Scraped caption text data:
++++++++

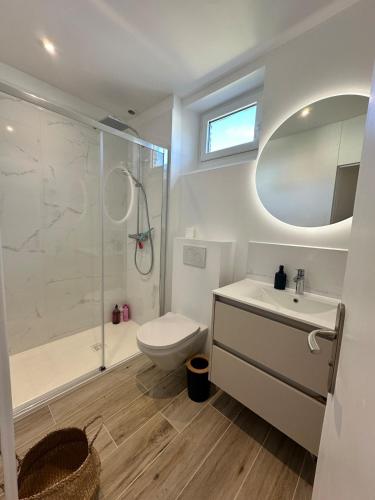 a bathroom with a toilet sink and a shower at Manava Etretat Sea ViewHouse in Étretat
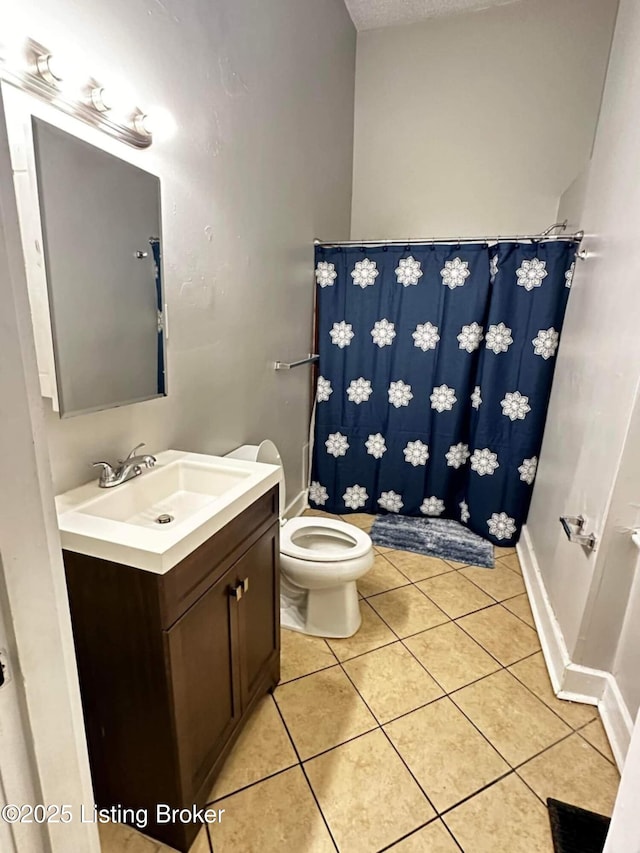 224 E Oak St, Louisville, KY 40203 - bathroom featuring toilet, vanity, tile patterned flooring, baseboards, and a shower with curtain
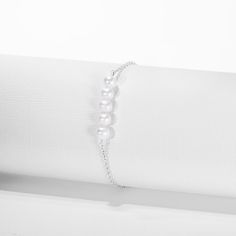 A delicate freshwater cultured pearl stranded bracelet, the perfect gift for a girl. Let her style up her favorite outfits with this beautiful and simple bracelet. Featuring white freshwater cultured pearls stranded together to create a band, and crafted from a 925 sterling silver, perfect for a girls sensitive skin. This dainty bracelet has an added on 1" extension to fit comfortably around her wrist. A complimentary gift box is included. Kids Bracelet, Kids Bracelets, Dainty Bracelet, Simple Bracelets, Dainty Bracelets, Bracelet Sterling Silver, Pearl Strands, Freshwater Cultured Pearls, Strand Bracelet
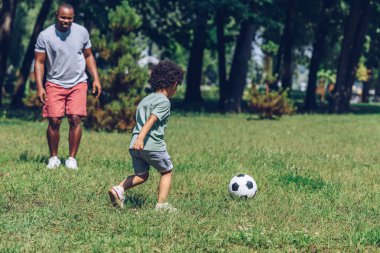 Genç Afrikalı Amerikalı baba parkta oğluyla futbol oynuyor.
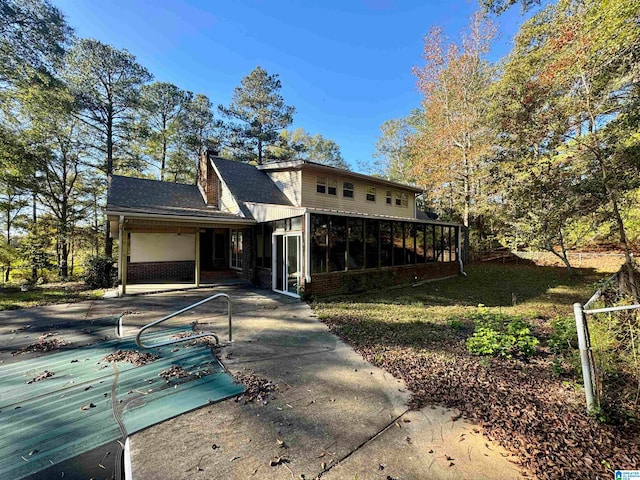 back of property featuring a sunroom and a patio area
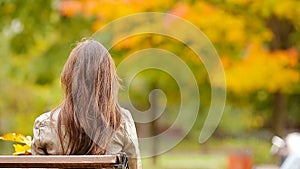 Beautiful woman enjoy warm day in autumn park under fall foliage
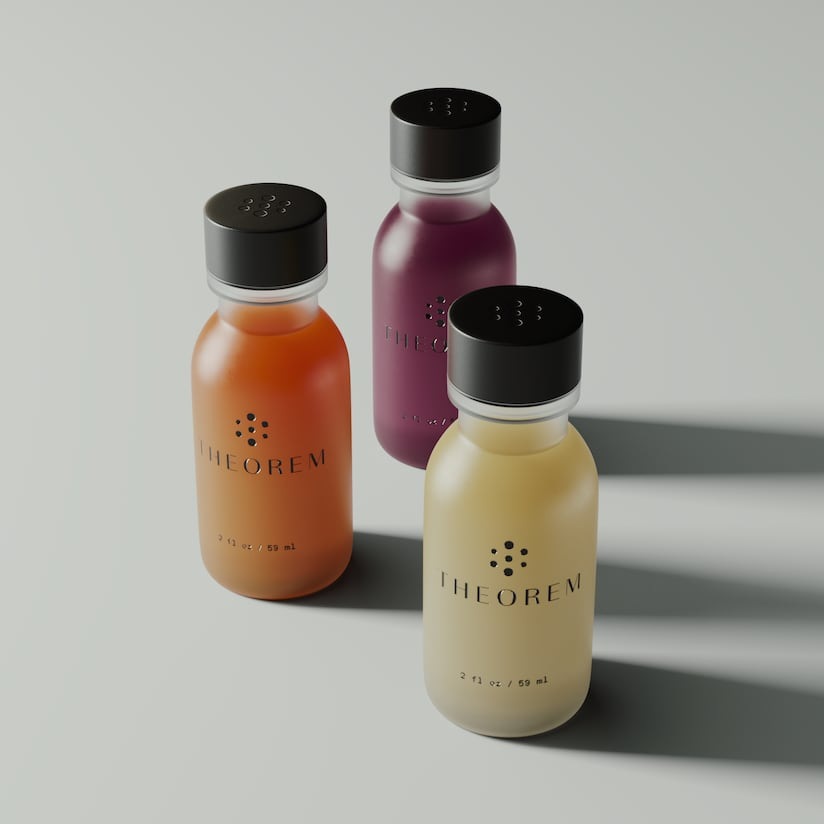 Three Theorem 2 oz wellness shots in orange, amber and deep purple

++++++++

#### ABOUT THIS TASK:
Give every entry back unchanged, with no pictures.

#### RESPONSE BOX:
 a bathroom with a toilet sink and a shower at Manava Etretat Sea ViewHouse in Étretat
 224 E Oak St, Louisville, KY 40203 - bathroom featuring toilet, vanity, tile patterned flooring, baseboards, and a shower with curtain
 A delicate freshwater cultured pearl stranded bracelet, the perfect gift for a girl. Let her style up her favorite outfits with this beautiful and simple bracelet. Featuring white freshwater cultured pearls stranded together to create a band, and crafted from a 925 sterling silver, perfect for a girls sensitive skin. This dainty bracelet has an added on 1" extension to fit comfortably around her wrist. A complimentary gift box is included. Kids Bracelet, Kids Bracelets, Dainty Bracelet, Simple Bracelets, Dainty Bracelets, Bracelet Sterling Silver, Pearl Strands, Freshwater Cultured Pearls, Strand Bracelet
 Genç Afrikalı Amerikalı baba parkta oğluyla futbol oynuyor.
 back of property featuring a sunroom and a patio area
 Beautiful woman enjoy warm day in autumn park under fall foliage
 Three Theorem 2 oz wellness shots in orange, amber and deep purple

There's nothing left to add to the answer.